Search code examples
bashawksedxmlstarlet

Bash - Search for a specific string in a file and replace with immediate source


I am trying to search for the string "missing" in a file containing the following:

<message>
    <source>TypeA</source>
    <translation>missing</translation>
</message>
<message>
    <source>TypeB</source>
    <translation>missing</translation>
</message>
<message>
    <source>TypeC</source>
    <comment>Context menu</comment>
    <translation>missing</translation>
</message>

And if the "missing" is found, I want to replace the string with it's immediate source name. For example this:

<message>
    <source>TypeA</source>
    <translation>TypeA</translation>
</message>
<message>
    <source>TypeB</source>
    <translation>TypeB</translation>
</message>
<message>
    <source>TypeC</source>
    <comment>Context menu</comment>
    <translation>TypeC</translation>
</message>

I was able to use awk to search for the string and print immediate source name so far:

match($0, /<source>(.*)<\/source>/,n){ src=n[1] }
match($0, /<translation>(.*)<\/translation>/,s){ trs=s[1] }
/unfinished/{ print "Translation missing or incomplete for: '" trs "'","located inside source named: '" src "'" }

And then save it as something.awk call it using:

awk -f something.awk filelocation

But I am not sure how to replace the string "missing" with the value from source.

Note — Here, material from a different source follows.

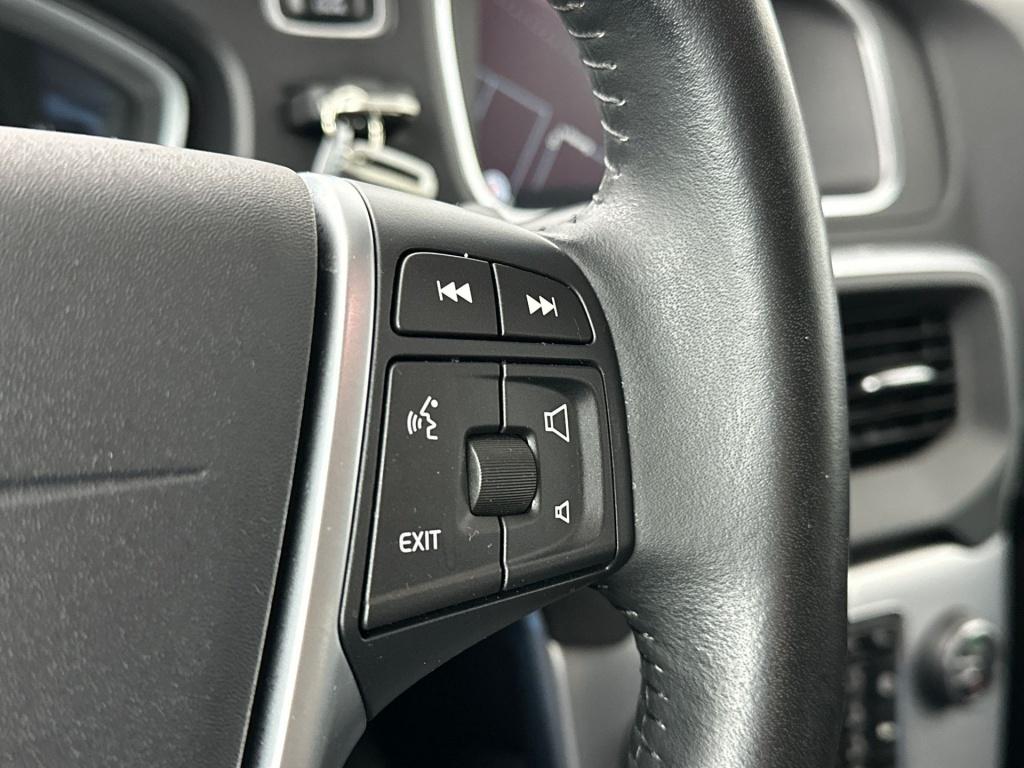 Volvo V40 2.0 t3 nordic+ | standkachel | stoelverwarming | cruise control |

Can anyone suggest me how can I replace it?


Solution

  • You can try this (write this in something.awk):

    {
        if($0 ~ "<source>"){
                source = gensub(/.*<source>(.*)<\/source>.*/, "\\1", "", $0)
        }
        if($0 ~ "<translation>missing"){
                $0 = gensub(/>.*</, ">" source "<", "", $0)
        }
         print
    }
    

    I don't know if you need a specific version of awk to use gensub... (maybe gawk ?). But it works on my computer when I do :

    awk -f something.awk filelocation
    

    Result :

    <message>
        <source>TypeA</source>
        <translation>TypeA</translation>
    </message>
    <message>
        <source>TypeB</source>
        <translation>TypeB</translation>
    </message>
    <message>
        <source>TypeC</source>
        <comment>Context menu</comment>
        <translation>TypeC</translation>
    </message>
    

    As I said, it can be a serious problem if order of tags is not respected (or if you have multiple tags per line, ...). It is not a big deal if you have a tag between source and translation but source must be before translation. If it is not the case, you may need to parse your file with a correct XML parser tool (awk iksn't) and do your changes and print to file.